§ **Your objective**:
Word for word, reproduce the data that follows.

§ **Records shown**:
-- Opening Marker --
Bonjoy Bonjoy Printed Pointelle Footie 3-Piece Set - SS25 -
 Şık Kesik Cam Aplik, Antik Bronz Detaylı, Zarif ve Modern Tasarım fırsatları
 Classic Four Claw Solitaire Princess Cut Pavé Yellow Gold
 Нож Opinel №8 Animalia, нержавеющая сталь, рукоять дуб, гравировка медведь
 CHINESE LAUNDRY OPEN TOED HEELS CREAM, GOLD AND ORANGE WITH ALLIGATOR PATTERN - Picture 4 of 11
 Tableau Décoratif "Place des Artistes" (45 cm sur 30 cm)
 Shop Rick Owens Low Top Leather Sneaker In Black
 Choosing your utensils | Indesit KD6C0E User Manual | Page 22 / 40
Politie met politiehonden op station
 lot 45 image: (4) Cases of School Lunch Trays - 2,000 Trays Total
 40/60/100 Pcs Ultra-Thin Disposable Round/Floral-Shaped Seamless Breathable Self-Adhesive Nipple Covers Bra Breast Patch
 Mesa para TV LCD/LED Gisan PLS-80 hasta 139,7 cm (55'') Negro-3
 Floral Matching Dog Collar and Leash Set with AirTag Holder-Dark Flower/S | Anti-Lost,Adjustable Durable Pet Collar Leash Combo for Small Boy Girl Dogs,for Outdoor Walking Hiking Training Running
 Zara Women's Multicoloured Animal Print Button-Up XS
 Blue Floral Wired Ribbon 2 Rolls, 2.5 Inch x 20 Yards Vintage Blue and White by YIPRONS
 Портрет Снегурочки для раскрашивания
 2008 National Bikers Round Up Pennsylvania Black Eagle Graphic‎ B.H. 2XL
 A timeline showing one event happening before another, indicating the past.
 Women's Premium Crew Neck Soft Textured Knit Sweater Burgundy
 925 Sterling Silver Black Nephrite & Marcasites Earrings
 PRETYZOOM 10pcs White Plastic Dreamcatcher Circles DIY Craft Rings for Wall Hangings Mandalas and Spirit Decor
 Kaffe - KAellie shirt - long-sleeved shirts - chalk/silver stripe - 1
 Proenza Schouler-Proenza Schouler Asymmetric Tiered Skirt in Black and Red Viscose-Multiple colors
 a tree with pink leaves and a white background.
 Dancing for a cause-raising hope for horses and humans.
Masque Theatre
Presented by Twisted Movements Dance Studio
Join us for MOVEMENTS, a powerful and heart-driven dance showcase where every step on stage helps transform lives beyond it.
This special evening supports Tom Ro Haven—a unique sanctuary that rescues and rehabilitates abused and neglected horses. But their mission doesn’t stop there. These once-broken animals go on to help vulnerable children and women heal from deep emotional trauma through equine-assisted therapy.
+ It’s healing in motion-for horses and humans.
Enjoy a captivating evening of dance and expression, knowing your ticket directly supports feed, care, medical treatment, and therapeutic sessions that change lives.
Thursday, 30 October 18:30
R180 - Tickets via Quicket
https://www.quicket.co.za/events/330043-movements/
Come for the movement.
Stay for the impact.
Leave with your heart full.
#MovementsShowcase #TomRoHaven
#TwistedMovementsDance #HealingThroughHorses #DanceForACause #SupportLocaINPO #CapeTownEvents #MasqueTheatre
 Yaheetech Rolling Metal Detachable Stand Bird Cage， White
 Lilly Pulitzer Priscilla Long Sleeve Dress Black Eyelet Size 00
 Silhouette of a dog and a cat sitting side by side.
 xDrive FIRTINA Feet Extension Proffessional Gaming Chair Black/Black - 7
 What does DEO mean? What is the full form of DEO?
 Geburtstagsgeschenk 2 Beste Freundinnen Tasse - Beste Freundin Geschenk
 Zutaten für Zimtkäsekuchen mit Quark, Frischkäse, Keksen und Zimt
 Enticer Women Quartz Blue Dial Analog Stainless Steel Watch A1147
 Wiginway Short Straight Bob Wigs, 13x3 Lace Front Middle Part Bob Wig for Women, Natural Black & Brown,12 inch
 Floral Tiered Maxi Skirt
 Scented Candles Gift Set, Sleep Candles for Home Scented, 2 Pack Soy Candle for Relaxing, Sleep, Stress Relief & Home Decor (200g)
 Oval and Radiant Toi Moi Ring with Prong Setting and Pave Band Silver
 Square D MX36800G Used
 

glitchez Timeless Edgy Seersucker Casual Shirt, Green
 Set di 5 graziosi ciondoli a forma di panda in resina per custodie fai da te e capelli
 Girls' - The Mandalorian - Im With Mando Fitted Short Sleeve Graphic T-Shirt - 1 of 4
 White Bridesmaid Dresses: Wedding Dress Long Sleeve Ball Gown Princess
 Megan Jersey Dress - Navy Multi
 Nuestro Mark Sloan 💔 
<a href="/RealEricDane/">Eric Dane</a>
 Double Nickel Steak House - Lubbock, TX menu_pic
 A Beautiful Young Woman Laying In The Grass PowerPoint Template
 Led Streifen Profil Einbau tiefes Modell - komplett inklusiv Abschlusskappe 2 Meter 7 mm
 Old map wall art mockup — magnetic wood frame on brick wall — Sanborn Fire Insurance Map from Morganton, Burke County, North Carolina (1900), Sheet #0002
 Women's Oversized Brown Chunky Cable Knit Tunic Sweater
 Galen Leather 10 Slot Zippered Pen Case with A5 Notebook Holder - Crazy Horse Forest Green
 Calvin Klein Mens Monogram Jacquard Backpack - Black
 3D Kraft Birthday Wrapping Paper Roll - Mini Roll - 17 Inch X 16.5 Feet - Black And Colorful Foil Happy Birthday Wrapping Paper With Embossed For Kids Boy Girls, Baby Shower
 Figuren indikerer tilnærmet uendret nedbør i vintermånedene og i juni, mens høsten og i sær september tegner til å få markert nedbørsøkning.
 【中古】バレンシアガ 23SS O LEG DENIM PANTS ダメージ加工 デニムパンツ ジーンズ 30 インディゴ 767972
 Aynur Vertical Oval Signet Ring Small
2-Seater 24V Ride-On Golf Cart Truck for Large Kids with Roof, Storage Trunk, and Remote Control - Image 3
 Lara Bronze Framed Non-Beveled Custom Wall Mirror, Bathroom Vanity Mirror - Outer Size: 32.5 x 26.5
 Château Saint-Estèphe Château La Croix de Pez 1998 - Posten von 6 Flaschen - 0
-- Closing Marker --
§ **Expected answer**:
Bonjoy Bonjoy Printed Pointelle Footie 3-Piece Set - SS25 -
 Şık Kesik Cam Aplik, Antik Bronz Detaylı, Zarif ve Modern Tasarım fırsatları
 Classic Four Claw Solitaire Princess Cut Pavé Yellow Gold
 Нож Opinel №8 Animalia, нержавеющая сталь, рукоять дуб, гравировка медведь
 CHINESE LAUNDRY OPEN TOED HEELS CREAM, GOLD AND ORANGE WITH ALLIGATOR PATTERN - Picture 4 of 11
 Tableau Décoratif "Place des Artistes" (45 cm sur 30 cm)
 Shop Rick Owens Low Top Leather Sneaker In Black
 Choosing your utensils | Indesit KD6C0E User Manual | Page 22 / 40
Politie met politiehonden op station
 lot 45 image: (4) Cases of School Lunch Trays - 2,000 Trays Total
 40/60/100 Pcs Ultra-Thin Disposable Round/Floral-Shaped Seamless Breathable Self-Adhesive Nipple Covers Bra Breast Patch
 Mesa para TV LCD/LED Gisan PLS-80 hasta 139,7 cm (55'') Negro-3
 Floral Matching Dog Collar and Leash Set with AirTag Holder-Dark Flower/S | Anti-Lost,Adjustable Durable Pet Collar Leash Combo for Small Boy Girl Dogs,for Outdoor Walking Hiking Training Running
 Zara Women's Multicoloured Animal Print Button-Up XS
 Blue Floral Wired Ribbon 2 Rolls, 2.5 Inch x 20 Yards Vintage Blue and White by YIPRONS
 Портрет Снегурочки для раскрашивания
 2008 National Bikers Round Up Pennsylvania Black Eagle Graphic‎ B.H. 2XL
 A timeline showing one event happening before another, indicating the past.
 Women's Premium Crew Neck Soft Textured Knit Sweater Burgundy
 925 Sterling Silver Black Nephrite & Marcasites Earrings
 PRETYZOOM 10pcs White Plastic Dreamcatcher Circles DIY Craft Rings for Wall Hangings Mandalas and Spirit Decor
 Kaffe - KAellie shirt - long-sleeved shirts - chalk/silver stripe - 1
 Proenza Schouler-Proenza Schouler Asymmetric Tiered Skirt in Black and Red Viscose-Multiple colors
 a tree with pink leaves and a white background.
 Dancing for a cause-raising hope for horses and humans.
Masque Theatre
Presented by Twisted Movements Dance Studio
Join us for MOVEMENTS, a powerful and heart-driven dance showcase where every step on stage helps transform lives beyond it.
This special evening supports Tom Ro Haven—a unique sanctuary that rescues and rehabilitates abused and neglected horses. But their mission doesn’t stop there. These once-broken animals go on to help vulnerable children and women heal from deep emotional trauma through equine-assisted therapy.
+ It’s healing in motion-for horses and humans.
Enjoy a captivating evening of dance and expression, knowing your ticket directly supports feed, care, medical treatment, and therapeutic sessions that change lives.
Thursday, 30 October 18:30
R180 - Tickets via Quicket
https://www.quicket.co.za/events/330043-movements/
Come for the movement.
Stay for the impact.
Leave with your heart full.
#MovementsShowcase #TomRoHaven
#TwistedMovementsDance #HealingThroughHorses #DanceForACause #SupportLocaINPO #CapeTownEvents #MasqueTheatre
 Yaheetech Rolling Metal Detachable Stand Bird Cage， White
 Lilly Pulitzer Priscilla Long Sleeve Dress Black Eyelet Size 00
 Silhouette of a dog and a cat sitting side by side.
 xDrive FIRTINA Feet Extension Proffessional Gaming Chair Black/Black - 7
 What does DEO mean? What is the full form of DEO?
 Geburtstagsgeschenk 2 Beste Freundinnen Tasse - Beste Freundin Geschenk
 Zutaten für Zimtkäsekuchen mit Quark, Frischkäse, Keksen und Zimt
 Enticer Women Quartz Blue Dial Analog Stainless Steel Watch A1147
 Wiginway Short Straight Bob Wigs, 13x3 Lace Front Middle Part Bob Wig for Women, Natural Black & Brown,12 inch
 Floral Tiered Maxi Skirt
 Scented Candles Gift Set, Sleep Candles for Home Scented, 2 Pack Soy Candle for Relaxing, Sleep, Stress Relief & Home Decor (200g)
 Oval and Radiant Toi Moi Ring with Prong Setting and Pave Band Silver
 Square D MX36800G Used
 

glitchez Timeless Edgy Seersucker Casual Shirt, Green
 Set di 5 graziosi ciondoli a forma di panda in resina per custodie fai da te e capelli
 Girls' - The Mandalorian - Im With Mando Fitted Short Sleeve Graphic T-Shirt - 1 of 4
 White Bridesmaid Dresses: Wedding Dress Long Sleeve Ball Gown Princess
 Megan Jersey Dress - Navy Multi
 Nuestro Mark Sloan 💔 
<a href="/RealEricDane/">Eric Dane</a>
 Double Nickel Steak House - Lubbock, TX menu_pic
 A Beautiful Young Woman Laying In The Grass PowerPoint Template
 Led Streifen Profil Einbau tiefes Modell - komplett inklusiv Abschlusskappe 2 Meter 7 mm
 Old map wall art mockup — magnetic wood frame on brick wall — Sanborn Fire Insurance Map from Morganton, Burke County, North Carolina (1900), Sheet #0002
 Women's Oversized Brown Chunky Cable Knit Tunic Sweater
 Galen Leather 10 Slot Zippered Pen Case with A5 Notebook Holder - Crazy Horse Forest Green
 Calvin Klein Mens Monogram Jacquard Backpack - Black
 3D Kraft Birthday Wrapping Paper Roll - Mini Roll - 17 Inch X 16.5 Feet - Black And Colorful Foil Happy Birthday Wrapping Paper With Embossed For Kids Boy Girls, Baby Shower
 Figuren indikerer tilnærmet uendret nedbør i vintermånedene og i juni, mens høsten og i sær september tegner til å få markert nedbørsøkning.
 【中古】バレンシアガ 23SS O LEG DENIM PANTS ダメージ加工 デニムパンツ ジーンズ 30 インディゴ 767972
 Aynur Vertical Oval Signet Ring Small
2-Seater 24V Ride-On Golf Cart Truck for Large Kids with Roof, Storage Trunk, and Remote Control - Image 3
 Lara Bronze Framed Non-Beveled Custom Wall Mirror, Bathroom Vanity Mirror - Outer Size: 32.5 x 26.5
 Château Saint-Estèphe Château La Croix de Pez 1998 - Posten von 6 Flaschen - 0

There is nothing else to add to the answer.